The feelings in the Nigeria’s banking sector is that the level of non-performing loans within the system may lead to yet another crisis in the industry. Non-Performing Loans (NPLs) are those loan facilities which banks are unable to profit from because they are not serviced as anticipated. Non-performing loans consist of both old debt that is not performing and new loans that may become non-performing.
A critical factor that affects the poor performance of loans in the banking system is economic fluctuations such as short term inflation, high lending rates and level of risk where the economy is not doing well, etc. These NPLs affect the earning power of the banks, which in turn affects the bank’s return on capital and lead to poor performance levels.
Recently, the Central Bank of Nigeria (CBN) revealed that the total amount of non-performing loans of Nigerian banks for the year 2018 had hit N1.79 trillion. The figures revealed that N13.56 trillion was recorded as loans after specific provisions. The data, which was validated by the National Bureau of Statistics, also showed that the gross loans by the end of 2018 stood at N15.35trillion.
By the end of 2017, available statistics revealed that the gross loans in the banking sector were N15.96trillion. It was further revealed that N2.36trillion of the 2017 figure were non-performing loans, while N14.12trillion were loans after specific provisions. Although most of the soundness indicators are still within the prudential requirement, it is a matter of utmost concern that these indicators are almost at the threshold of the requirement.
This newspaper is of the opinion that there seems to be too much impunity in the system as there are some loan defaulters who see themselves as being above the law. They connive with some insiders in the banks to perpetrate nefarious acts. To put it bluntly, these non-performing loans are mostly as a result of insider abuse.
Recently, the Asset Management Corporation of Nigeria (AMCON) complained that less than 400 Nigerians owe the corporation a staggering N5 trillion. Out of this intimidating debt sum, N902 billion is owed by those rated as delinquent defaulters; no one expects to collect anything from them.
The managing director/chief executive officer, Mr Ahmed Kuru has pledged the full support of AMCON to its Asset Management Partners in the effort to recover N740billion of the total eligible bank assets of AMCON portfolio in the hands of debtors.
There is no smoke without fire. There are some factors that contribute to NPLs in the banking sector. Poor credit risk management is one of the major causes of non-performing loans in the banks. Poor credit risk management is a situation where banks have little or no adherence to lending policies. Efficient credit risk management in Deposit Money Banks (DMBs) is germane not only because of the recurring financial distress and crises, but also because it is a central factor which determines survival, growth and profitability.
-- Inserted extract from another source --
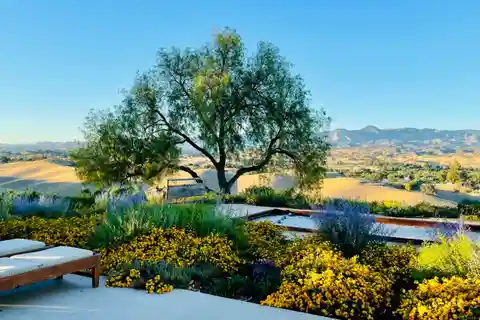Peaceful 20-acre Estate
Capital inadequacy is another factor. It is important for banks to maintain credit risk exposure within their limit depending on the baseline credit assessment of each DMB to maximize profit.
The excessively high level of non-performing loans in the DMBs can also be attributed to poor corporate governance practices. This has posed a major concern to different stakeholders including bank management which granted the loans, depositors whose funds have been misappropriated and trapped and regulatory agencies whose major responsibility is to protect the system. Although the Nigeria Deposit Insurance Corporation (NDIC) said the Code of Corporate Governance for bank directors was instituted to address the rising cases of insider bad loans, which not only represent a conflict of interest, but are against the prudential guidelines for the industry, insider lending which accounts for a substantial proportion of bad debts is another one.
Also, the rate at which some influential citizens obtain loans with no intention to pay through internal connivance to circumvent the credit assessment procedures has contributed in a number of ways to the increased non-performing loan portfolio of several DMBs in the country.
It is instructive to say that the federal government also contributes to the worsening NPLs in the banking system. The federal government owes pensioners, contractors, construction companies, exporters, electricity distribution companies (DisCos), generation companies (GenCos), state governments, judgment debts and petroleum products marketers a total of N5.6 trillion.
If the federal government can clear this domestic debt, the contractors would service their loans and reduce the distress in the banking system.
It is also imperative for the banks to step up measures to significantly reduce the ratio of bad loans. We urge players in the sector to ensure adherence to sound banking system to avoid the collapse of the financial system.